Abstract
Background: Patients with transfusion-dependent thalassemia (TDT) require blood transfusions generally every 2-5 weeks, depending on disease severity. The high iron burden that results from frequent blood transfusions can lead to organ dysfunction, therefore iron chelation is a critical part of therapy for all patients with TDT. Deferasirox (DFX) is a tridentate oral iron chelator indicated for patients ≥ 2 years old with TDT. However, ~30% of TDT patients do not respond to DFX, for reasons that are not understood. To evaluate if pharmacokinetic differences in patients might impact DFX efficacy and/or toxicity, a single center, prospective pharmacokinetic study was undertaken at UCSF Benioff Children's Hospital over 2 years. This study is focused on evaluating the impact of selected pharmacogenetic variants in key genes in DFX pharmacology.
Patients and Methods: Blood samples were obtained for pharmacogenomic testing from patients (age ≥ 2 years) enrolled in this study during their regular clinic visits, prior to blood transfusion. Institutional Review Boards at the University of Florida and UCSF approved the study.DNAfrom these samples were genotyped for rs887829 and rs4124874 in UGT1A1 and rs2273697 in ABCC2 SNP using TaqMan-based genotyping assay (QuantStudio3). Association between SNP genotypes and DFX efficacy markers 1) serum ferritin levels (above or within target range of 500-1000 mg/mL) and 2) LIC (above or within target range of <7 mg/g) was tested using logistic regression analyses (RStudio v4.5.1). The Genotype-Tissue Expression (GTEx) portal was utilized to explore the relationship between respective SNP and gene expression in liver.

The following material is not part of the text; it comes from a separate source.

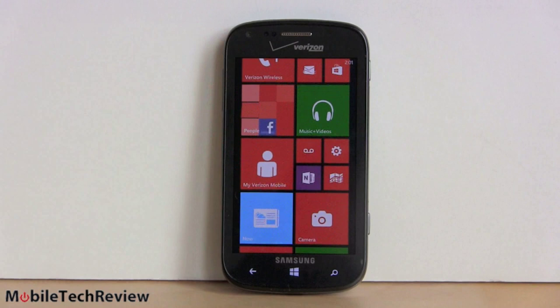Today we're looking at the Samsung Ative Odyssey. This is available on Verizon and this is not the same thing as the Ative S, which is pretty much a Samsung Galaxy S3 only running Windows Phone 8. This guy's a little bit lower end but still very portable. It's only $49 on contract. Here we have the Samsung Ative Odyssey, available now on Verizon Wireless for $49.99 with contract — so obviously very affordable.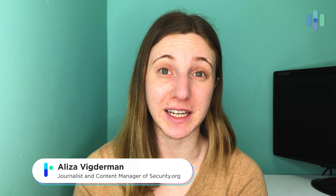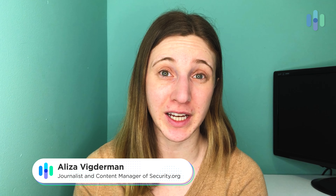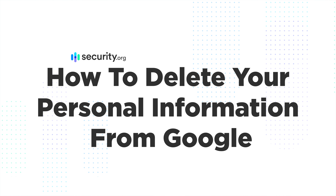Hello, I'm Aliza Vigderman, a journalist at security.org. I've created a guide on how to delete your personal information from Google, and in this video I'm giving you a brief overview.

Results: Overall, 49 patients were included, the median age of the participants was 34.5 years (range 2-63), with 47% identifying as female and 53% as male. SNP rs2273697 (G>A) in ABCC2/MRP2 (multidrug resistance-associated protein 2), which is involved in the excretion of DFX from hepatocytes into bile, was associated with increased serum ferritin levels above the target range (p <0.001). Gene expression data from GTEx database shows that the rs2273697 (G>A) change is associated with higher intron expression ratio of ABCC2/MRP2 in the liver. As part of the UDP-glucuronosyltransferase (UGT) family, UGT1A1 is involved primarily in DFX inactivation, while UGT1A3 plays a minor role. We tested 2 SNPs in UGT1A1/UGT1A3, rs4124874 (T>G) and rs887829 (C>T) for association with DFX efficacy in this cohort. For patients with the rs887829 T allele (TT and CT genotypes), 47% had LIC exceeding the target range compared to only 21% with CC genotype. Similarly, for rs4124874, 42% patients with GG and GT genotypes had LIC exceeding the target range compared to only 13% in those with TT genotype (both p <0.001). For rs887829 presence of T allele (CT and TT genotype) was also associated with high serum ferritin levels (p=0.002). Both the UGT SNPs were also significantly associated with higher hepatic gene expression levels of UGT1A1 and UGT1A3 in data from GTEx. These results imply decreased effectiveness of DFX and thus elevated LIC or serum ferritin levels above the target range.
Conclusions: Overall, our data show that 3 SNPs in ABCC2/MRP2 and UGT1A1/UGT1A3 are significantly associated with reduced DFX efficacy in our study population. Despite a small patient cohort, our finding highlights that genetic testing has the potential to be incorporated in clinical management when initiating DFX monotherapy or concomitant therapy to optimize clinical outcomes. Our ongoing work is focused on expansion of the list of SNPs to include other key variants in DFX pharmacology and further investigate the association of candidate SNPs with DFX-induced toxicities (grade ≥3) such as renal failure, hepatic failure, and gastrointestinal hemorrhage based on selected toxicity markers. Overall, our goal is to improve therapy and quality of life for patients with TDT, and reduce toxicity-related mortality.